Has anyone else got experience of touring in Bavaria? We tend to like camping near lakes where there are good walks and cycle tracks. Also, what would the weather be like in June and July?

Autumn


----------



## Steelaway (Sep 15, 2009)

Autumn said:


> Some years ago I saw a documentary where Grayson Perry, the potter, toured Bavaria on his pink motorbike. He made it look wonderful, visiting beautiful churches and castles. I have been keen to go there ever since.
> 
> Has anyone else got experience of touring in Bavaria? We tend to like camping near lakes where there are good walks and cycle tracks. Also, what would the weather be like in June and July?
> 
> Autumn


We also love Bavaria but have only visited by motor cycle. The weather can be stinking hot. I do know the roads all around are brilliant, you can be also in and out of Austria constantly. We have spent great times in Mittenwald where there is also a camper van spot almost in the middle of town, also Garmish is well worth a visit (you can catch the train next to the Stelplatz) There are many cable cars to hill top walks.
In fact it is all wonderful

Alex


----------



## Glandwr (Jun 12, 2006)

Brilliantxfor touring. Google the romantic road, the castles you mention are near Fussen and were built by mad king Ludwig the second. Lots of Lakes and the Bodensee (Lake Constance) is very special and not far away.

Dick


----------



## GEMMY (Jun 19, 2006)

Do it on a pink m/bike ' you'll be pestered by short short lederhosen Herrs wanting a kiss kiss. :lol: 

tony


----------



## Spacerunner (Mar 18, 2006)

Google 'Alpenstrasse' to find a very motorhome friendly touring area along the German/Austrian border.
We toured there last spring and thoroughly enjoyed the experience.
Email the German tourist board for loads of info and free maps and guides.


----------



## HurricaneSmith (Jul 13, 2007)

> .....Email the German tourist board for loads of info and free maps and guides.

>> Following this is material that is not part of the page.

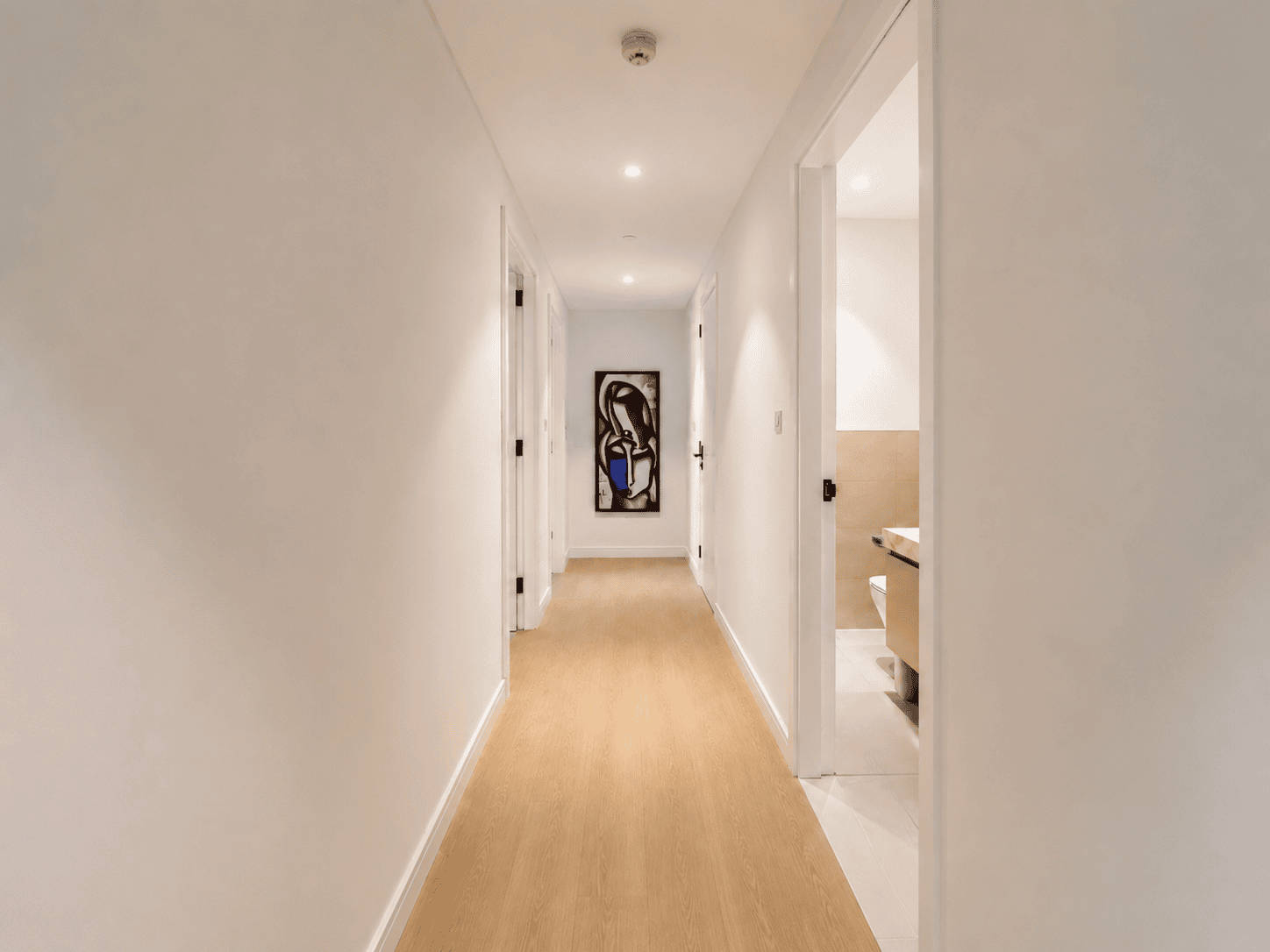 Bright renovated hallway with oak flooring, white walls and framed artwork in Park Heights apartment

We love the area and it's perfect for vans.

Spacerunner is right, use this link to see the 1200 sites included in the free book we obtained from the German Tourist Office:

http://www.germany.travel/en/travel-information/campsite-search/camping.html

This is the link to obtain that book free by post from the Tourist Office (It's the 14th hyperlink from the top):

http://www.freegermanyguide.com/


----------



## Autumn (Jul 9, 2006)

Many thanks to those who have supplied information - it has all been added to my list of research options.

Best wishes

Autumn


----------



## barryd (May 9, 2008)

IVe done the bit from Lake Constance to Fussen and its all pretty spectacular but as mentioned your also not far from Austria which is even better!

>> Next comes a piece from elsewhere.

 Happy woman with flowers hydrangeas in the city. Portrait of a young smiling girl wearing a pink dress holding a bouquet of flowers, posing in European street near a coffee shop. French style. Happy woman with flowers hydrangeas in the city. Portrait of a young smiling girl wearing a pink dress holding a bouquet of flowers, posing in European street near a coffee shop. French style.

One trip we did which was just superb was Through the Black Forest, along Lake Constance stopping at Uberlingen (Stellplatz) and Meersburg (superb Stellplatz 1.5 miles out of town), along to Fussen, over the Fern Pass into Austria where We did Mutters and Natters (near insbruck), Saltzburg and then all the Austrian lakes East of there. ITs in out 2012 blog. Absolutely stunning.

The further you get into the Alps though the weather at any time of year can be changeable. Usually pretty settled in June and July but it can still chuck it down.


----------